A library for doing research on developmental interpretability

These details have been verified by PyPI

Project links

GitHub Statistics

Maintainers

svwingerden

These details have not been verified by PyPI

Project description

DevInterp

Python version Contributors

A Python Library for Developmental Interpretability Research

DevInterp is a python library for conducting research on developmental interpretability, a novel AI safety research agenda rooted in Singular Learning Theory (SLT).

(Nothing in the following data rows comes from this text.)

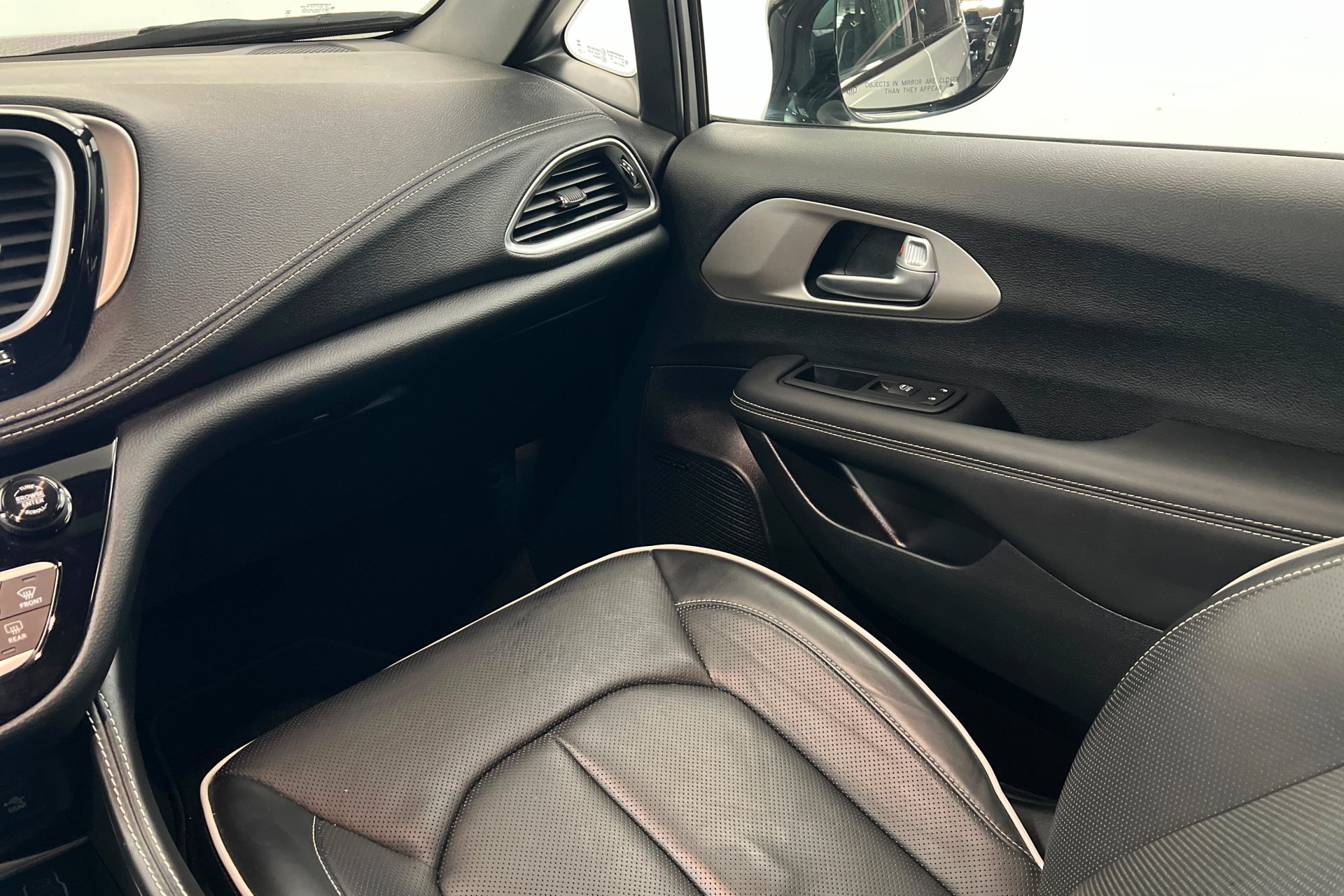 Used 2024 Chrysler Pacifica Premium FWD image 11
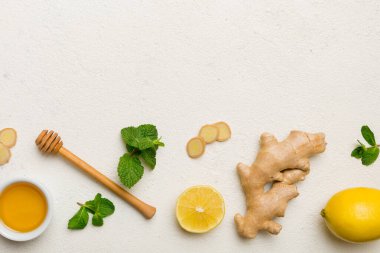 Doğal soğuk algınlığı ve grip ilaçları. Bağışıklık uyarımı ve virüs koruması için doğal malzemeler. Üst görünüm düzlüğü.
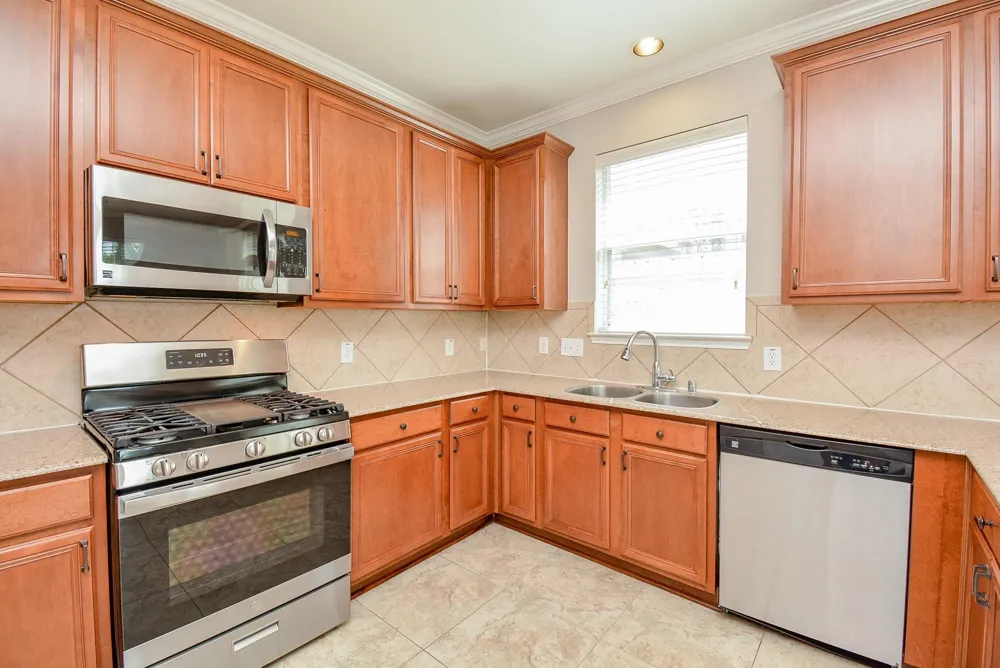 16021 Summerville Lake Drive Tomball, TX 77377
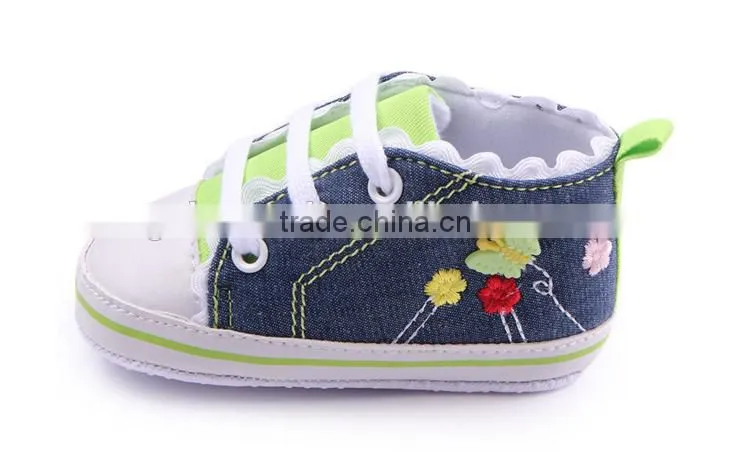 Colorful flower embroidered mori baby girl's prewalker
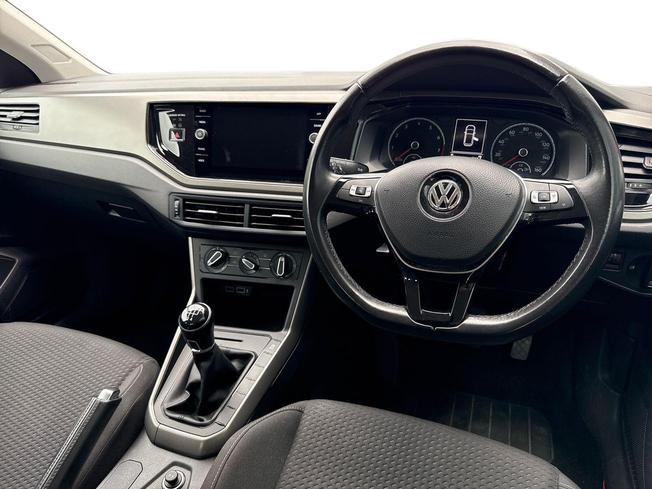 VOLKSWAGEN Polo Photo 11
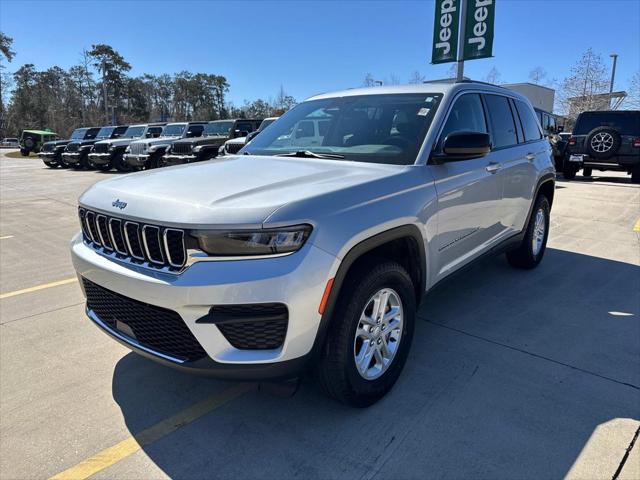 2023 Jeep Grand Cherokee Laredo 4x2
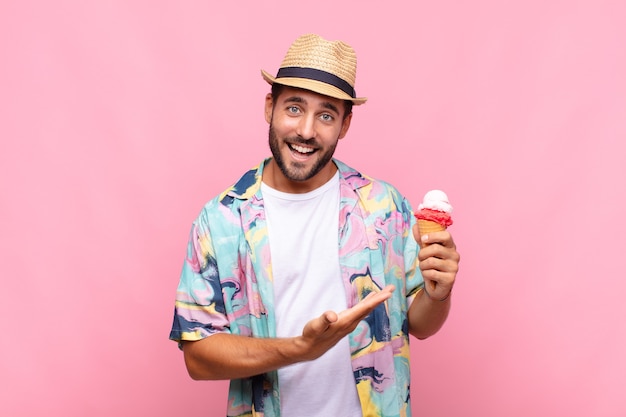 Joven sonriendo alegremente, sintiéndose feliz y mostrando un concepto en el espacio de la copia con la palma de la mano. concepto de vacaciones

DevInterp proposes tools for detecting, locating, and ultimately controlling the development of structure over training.

Features

SGLD Sampling with per-token loss storage to xarray/Zarr
Local Learning Coefficient (LLC) estimation from sampling results
Susceptibilities measuring first-order posterior response to data perturbations, localized on model components
Bayesian Influence Functions (BIF) as posterior correlations (or covariances) between per-sample losses
Weight restrictions for sampling over parameter subsets (e.g., individual attention heads)

Installation

devinterp is distributed through PyPI. Install with uv:

uv add devinterp

Example

See examples/quickstart.py for a runnable script that computes LLC and susceptibilities on Qwen2.5-0.5B.

Quick Start

Compute the Local Learning Coefficient

from devinterp.slt.llc import llc

result = llc(
    model=model,
    dataset=dataset,              # HuggingFace Dataset with "input_ids"
    observables={"train": dataset},
    lr=0.001,
    n_beta=30,
    num_chains=4,
    num_draws=200,
)

print(result["llc_mean"])         # scalar LLC
print(result["llc_per_chain"])    # (num_chains,) per-chain LLC
print(result["loss_trace"])       # (num_chains, num_steps) per-step loss, num_steps = num_draws * num_steps_bw_draws + num_burnin_steps

Sample with Observables

from devinterp.slt.sampling import sample

tree = sample(
    model=model,
    dataset=train_data,
    observables={
        "train": train_data,
        "code": (code_data, 5),   # (dataset, batches_per_draw)
    },
    lr=0.001,
    n_beta=30,
    num_chains=4,
    num_draws=200,
)
# tree is an xr.DataTree backed by Zarr with full per-token loss traces

Compute Susceptibilities

from devinterp.slt.susceptibilities import susceptibilities
from devinterp.slt.weight_restrictions import create_param_masks

result = susceptibilities(
    model=model,
    dataset=train_data,
    observables={"train": train_data, "code": code_data},
    weight_restrictions={
        "full": None,
        "l0h0": create_param_masks(model, "l0h0"),
        "l0h1": create_param_masks(model, "l0h1"),
    },
    sampling_task="train",
    lr=0.001,
    n_beta=30,
)
# result is a DataTree with /susceptibilities and /context subtrees

create_param_masks supports 85+ HuggingFace model types and TransformerLens. Restriction patterns: "full", "l0", "l0h1", "l0g0" (GQA group), "l0 attn", "l0 mlp", "embed", "unembed".

Compute BIF

from devinterp.slt.bif import bif

result = bif(
    model=model,
    dataset=train_data,
    observables={"train": train_data, "code": code_data},
    lr=0.001,
    n_beta=30,
    num_chains=4,
    num_draws=200,
    correlation_method="token",  # or "sequence"
)
# result["influences"] contains pairwise correlation matrix

Architecture

Each analysis has two entry points:

High-level (llc(), bif(), susceptibilities()): runs sampling and post-processing in one call
Low-level (compute_llc(), compute_bif()): takes a pre-computed xr.DataTree from sample(), useful when you want to run sampling once and compute multiple analyses. compute_susceptibilities() takes a dict[str, xr.DataTree] (one tree per weight restriction), since susceptibilities require a separate sampling run for each restriction.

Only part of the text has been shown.